Real joy comes from giving and not caring about whether anyone even knows or acknowledges it. As soon as the self comes in (for example: 'I'm giving this dana to you and it is very important that you know who's giving this dana. - ME, I'm giving it!') then the amount of joy that comes from giving is probably very minimal. If I'm so concerned about being recognised and being appreciated, that you appreciate my generosity and my goodness, then that becomes a joyless state of mind. One cannot feel happy or have real joyfulness in living if there is attachment to the idea that one's actions should be recognised. There's nothing wrong with people appreciating somebody else's goodness and generosity, but when we don't demand it, then there is joy.
Romantic love is usually based on the illusion of a self and a demand for something back. Spiritual love, then, is altruistic love or universal love and is represented by the brahma-viharas - metta, karuna, mudita and upekkha. Such love is a unitive experience. It brings together, it unites. It is a communion. Hatred is the experience of separation. When we hate then there's no union, communion, or oneness. Hatred is separative, divisive, and discriminative. Love is unitive and we want unity because living in a world of hate, discrimination and separation is a miserable hell-realm.
The community is a communion, a Sangha, a whole. If we're divorced from the Sangha, if we hate the Sangha, 'Hate this nun, hate that monk - and I don't like that, don't like this,' then this is not community, it's a dis-unity. That feeling is one of alienation, separation, emphasising me and you, and your faults and my feelings, and my anger at your faults. Or, it can be my emphasising the things that are wrong with you - things that are wrong with the monks, things that are wrong with the nuns, things that are wrong with the anagarikas, things that are wrong, full stop. And attaching to those perceptions will make me feel alienated, separated, angry, discontented, unhappy, depressed.

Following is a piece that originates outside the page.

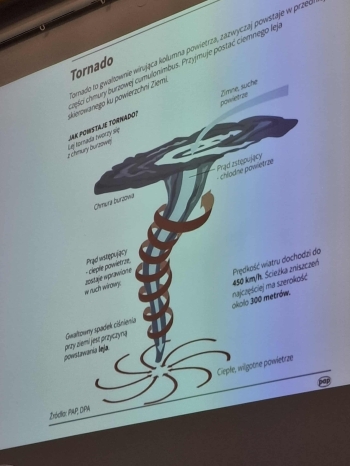 Geograficzne spotkania na Krakowskim
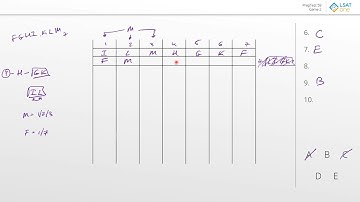 PrepTest 59 - Game 2 (Photo Arrangements)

Sometimes the mind will go into a very negative state where all you feel is annoyance. Whatever people do doesn't seem quite good enough. When you're in that mood then everything seems wrong - the cats, the sun, the moon <197> the mind goes into division, separation, and negativity. You feel separate from everything you see, and no communion or union is possible as long as you are identified and attached to that attitude of mind. When you are in a loving mood then it doesn't really matter whether somebody isn't feeling very good or they're not doing exactly what they should. There are always little things, little bits and pieces that aren't quite what they should be. But, when you're in a loving mood these things aren't so important.
So the loving experience comes because you're willing to overlook the personality differences and the discrimination that exists in the conditioned realm, for the feeling of communion, of union, of oneness. We are uniting as brothers and sisters in a common experience of old age, sickness and death, rather than pointing out the differences, or who's better than whom.
When we take refuge in Sangha, we're taking refuge in supatipanno* (those who have practised well), ujupatipanno (those who have practised directly), ñayapatipanno (those who have practised insightfully), samicipatipanno (those who practise). Rather than taking refuge in Americans, British, Australians or in men or women or in nuns or monks, we take refuge in those in those who practise the Dhamma - in the good, the direct, the sincere.
( *These terms form part of the daily chanting in honour of Buddha, Dhamma and Sangha)
We have tendencies for both union and for separation and we can be mindfully aware of these. The way things are has to be recognised as Dhamma. There is uniting and there is separating, and with clear awareness one is not identifying with either extreme. There's time for union, communion, time for non-discrimination, for devotion, for gratitude, for generosity, for joy.
But there's also time for separation and discrimination; for examining what's wrong. There is a need to look at the flaws - to look at anger, jealousy and fear - and to accept and understand those emotional experiences rather than judge them and take them as self and as something that you shouldn't have. This is what being human is all about: we're born into a separate form and yet we can unite. We can realise unity, community, oneness; but we can also discriminate.
So the refuge in the Buddha is the ability of a human being to recognise both sides, and to respond appropriately. We can look at the flaws and the problems of life as part of our human experience, rather than in a personal way. We are no longer proliferating, nor are we magnifying or exalting, obsessed with what's wrong because we have this perspective of unity and separation. This is the way things are, the Dhamma.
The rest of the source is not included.